TASK PROMPT. Return all the data exactly, keeping the pictures out.

***** PROVIDED DATA *****

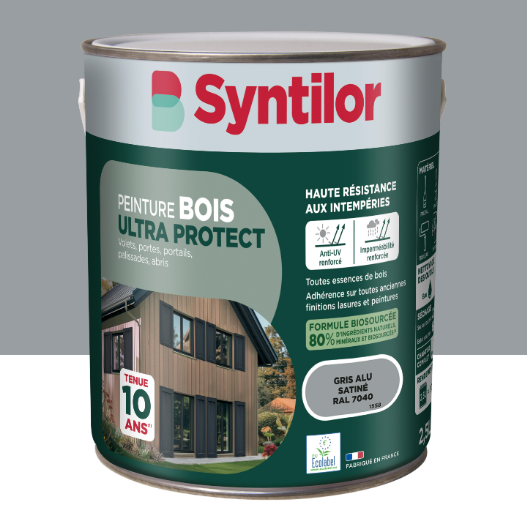Peinture extérieure bois Ultra protect SYNTILOR gris alu satiné 2.5l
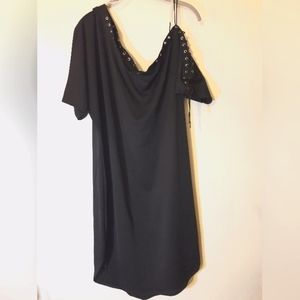 Assymetrical Gromet Tie Up Design dress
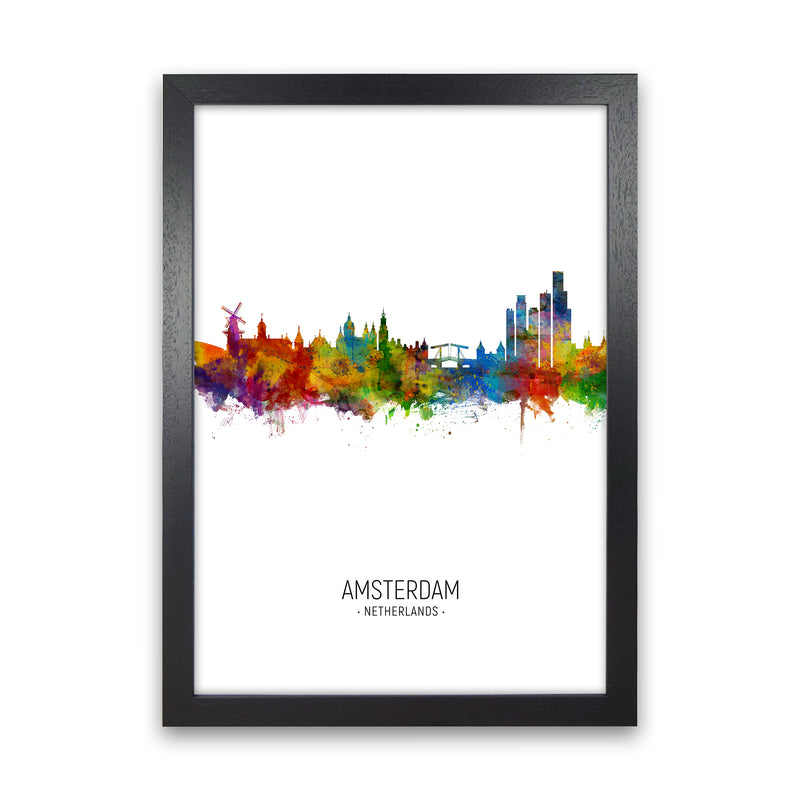Amsterdam Netherlands Skyline Portrait Art Print by Michael Tompsett Black Grain
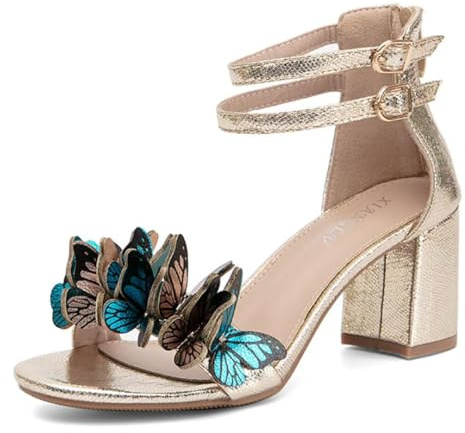 JOEupin Sandalias de tacón de bloque de mariposa para mujer, tacones altos elegantes con tiras doradas y plateadas para verano, cómodos zapatos de fiesta de boda, Oro, 38.5 EU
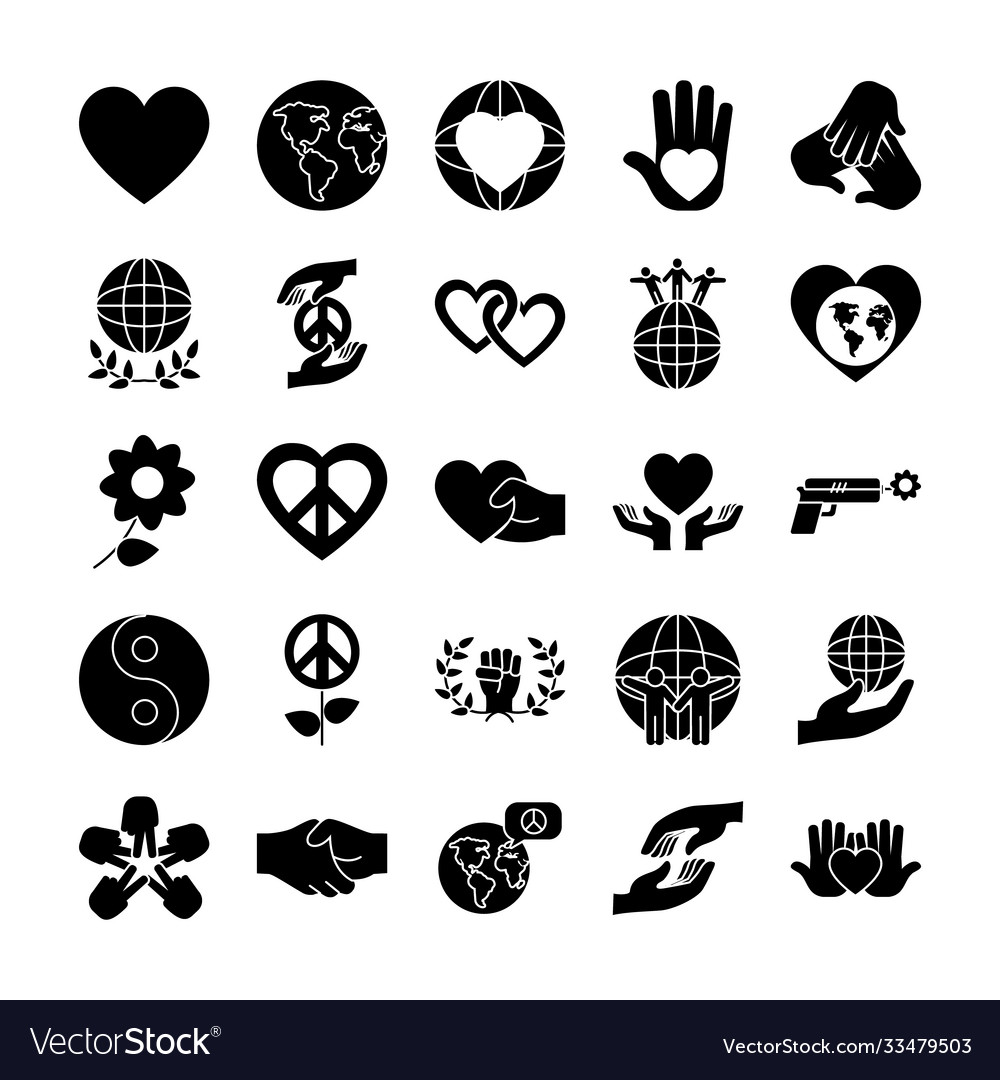 Icon Set Flowers And Peace Silhouette Style Vector Image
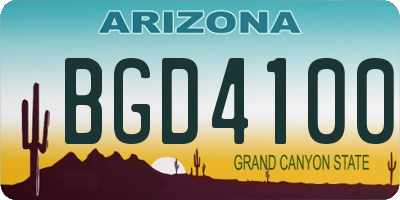 AZ license plate BGD4100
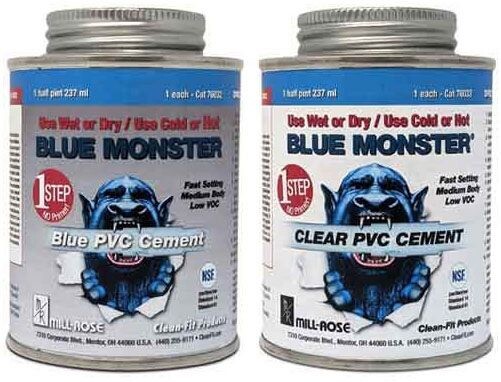 Blue Monster 76033, 1/2 Pint, Liquid, 1-Step, Medium Body, PVC Cement, 1 pc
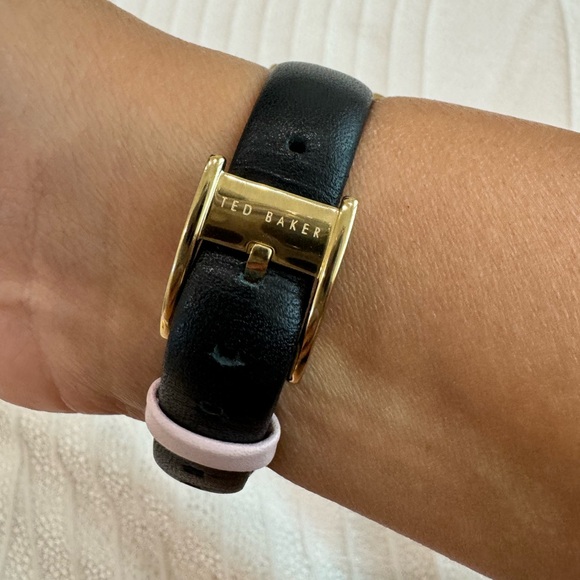 COPY - Ted Baker Gold Tone Watch with Floral Dial & Black Leather Band main image 8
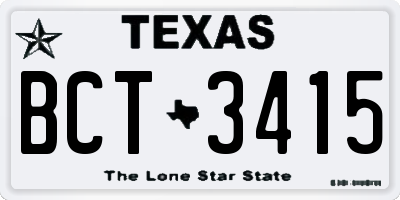 TX license plate BCT3415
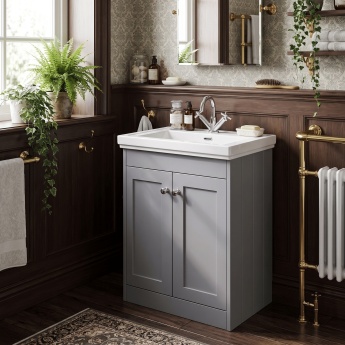 Old London Ashwick 600mm 2-Door Floor Standing Vanity Unit with Fireclay Basin | Product Image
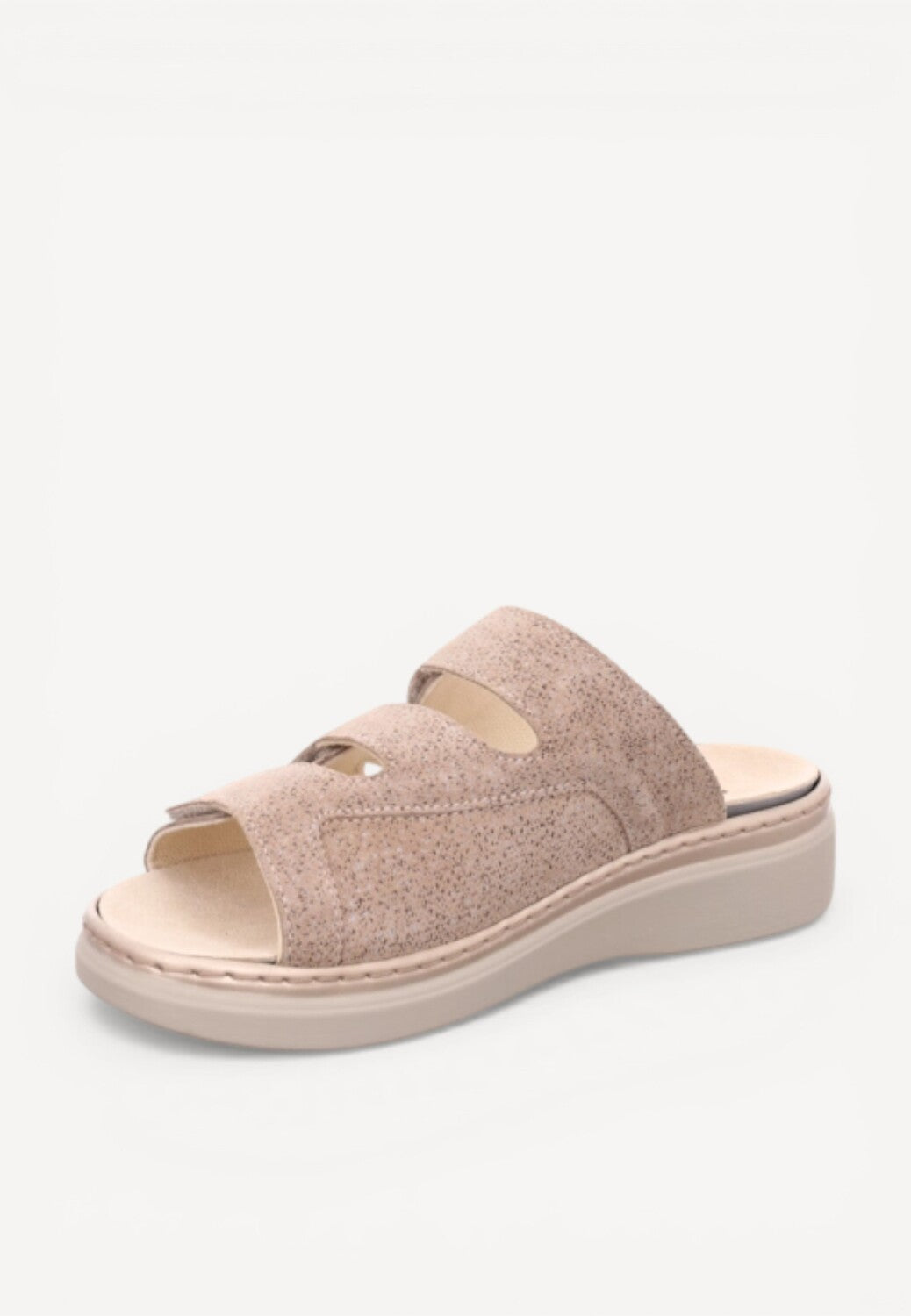 DAMES OPEN SCHOENEN-Beige suède/nubuck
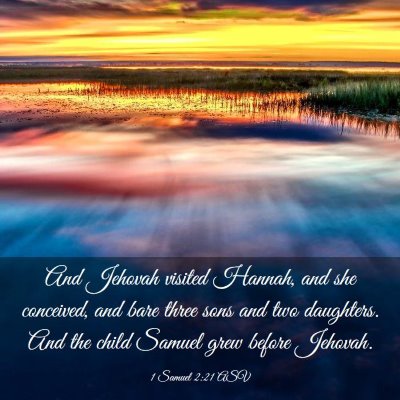 Picture 03 - 1 Samuel 2:21 ASV - And Jehovah visited Hannah, and she conceived, - Bible Verse Picture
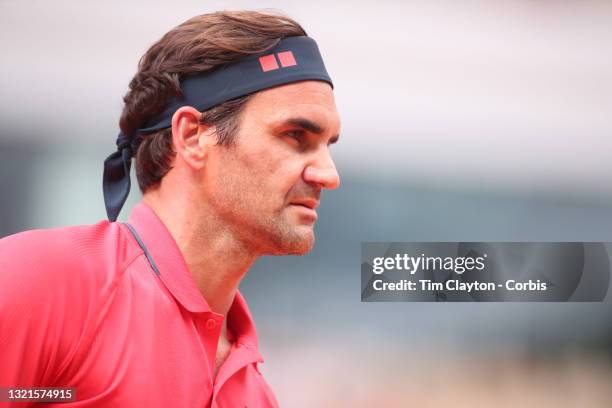 June 3. Roger Federer of Switzerland during his match against Marin Cilic of Croatia on Court Philippe-Chatrier during the second round of the...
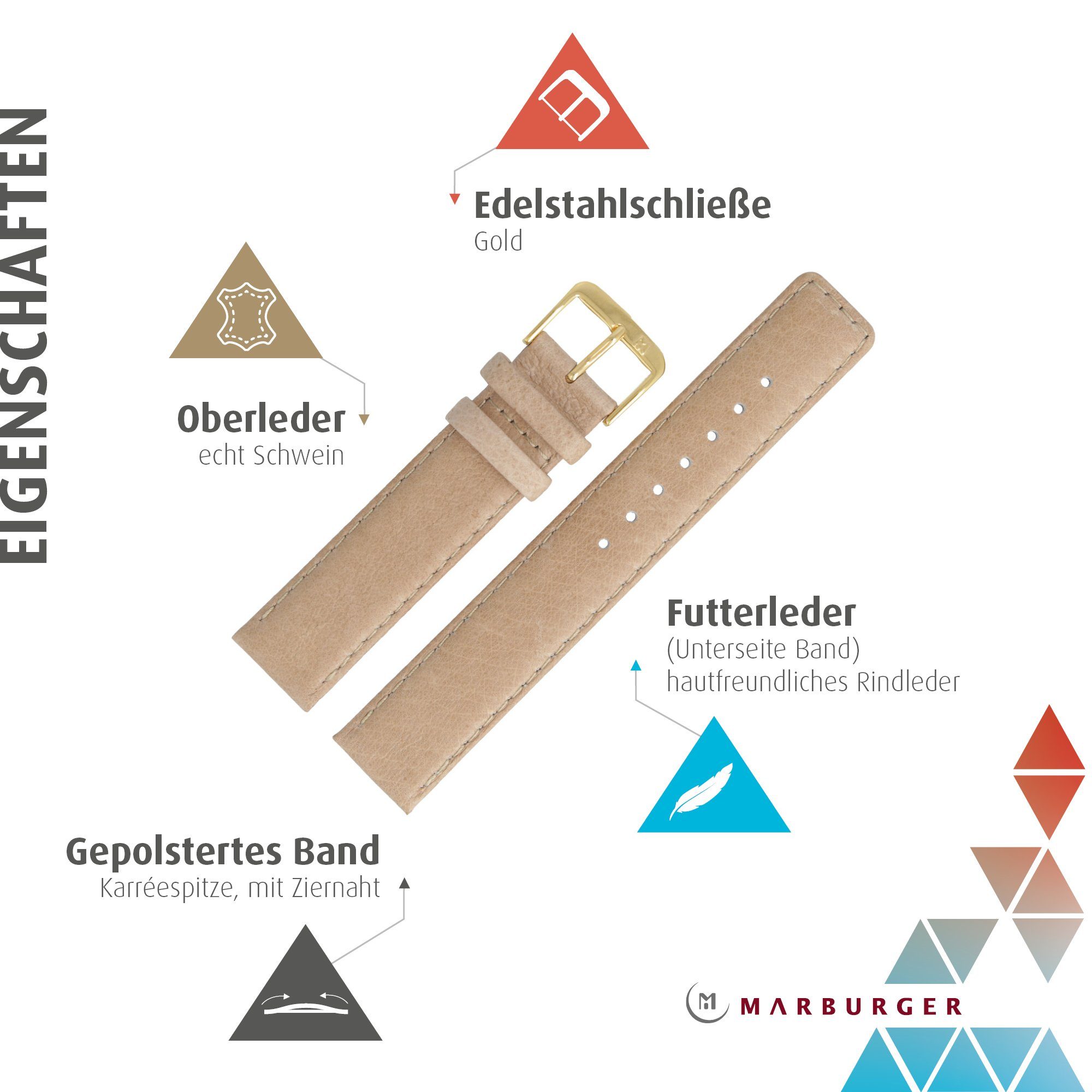 MARBURGER Uhrenarmband 16mm Leder Schwein Schweinsleder günstig online kaufen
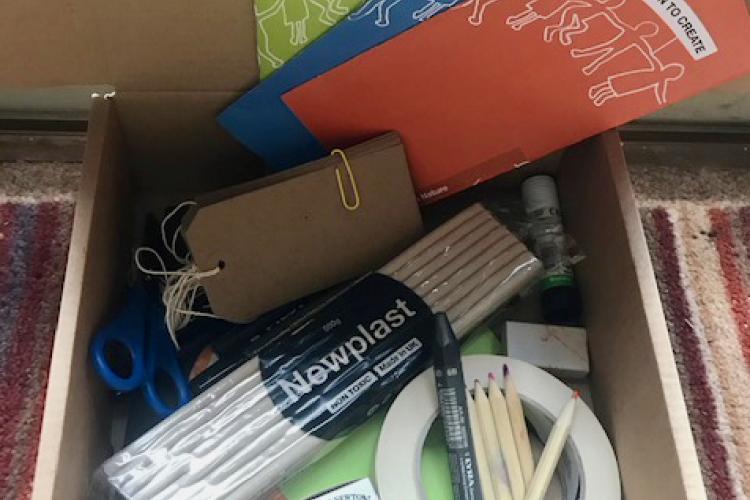 box of art materials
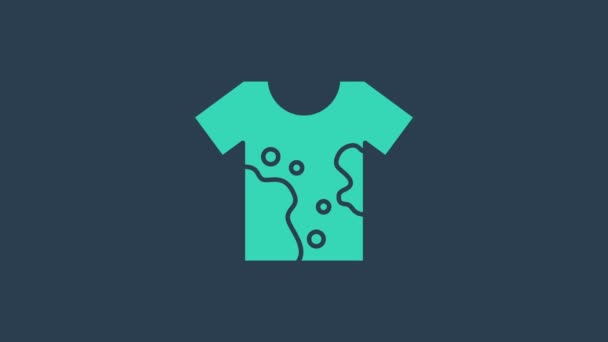 Turquoise Dirty t-shirt icoon geïsoleerd op blauwe achtergrond. 4K Video motion grafische animatie - Video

*****

TASK SOLUTION.
Peinture extérieure bois Ultra protect SYNTILOR gris alu satiné 2.5l
 Assymetrical Gromet Tie Up Design dress
Amsterdam Netherlands Skyline Portrait Art Print by Michael Tompsett Black Grain
 JOEupin Sandalias de tacón de bloque de mariposa para mujer, tacones altos elegantes con tiras doradas y plateadas para verano, cómodos zapatos de fiesta de boda, Oro, 38.5 EU
 Icon Set Flowers And Peace Silhouette Style Vector Image
 AZ license plate BGD4100
 Blue Monster 76033, 1/2 Pint, Liquid, 1-Step, Medium Body, PVC Cement, 1 pc
 COPY - Ted Baker Gold Tone Watch with Floral Dial & Black Leather Band main image 8
 TX license plate BCT3415
 Old London Ashwick 600mm 2-Door Floor Standing Vanity Unit with Fireclay Basin | Product Image
 DAMES OPEN SCHOENEN-Beige suède/nubuck
 Picture 03 - 1 Samuel 2:21 ASV - And Jehovah visited Hannah, and she conceived, - Bible Verse Picture
 June 3. Roger Federer of Switzerland during his match against Marin Cilic of Croatia on Court Philippe-Chatrier during the second round of the...
 MARBURGER Uhrenarmband 16mm Leder Schwein Schweinsleder günstig online kaufen
 box of art materials
 Turquoise Dirty t-shirt icoon geïsoleerd op blauwe achtergrond. 4K Video motion grafische animatie - Video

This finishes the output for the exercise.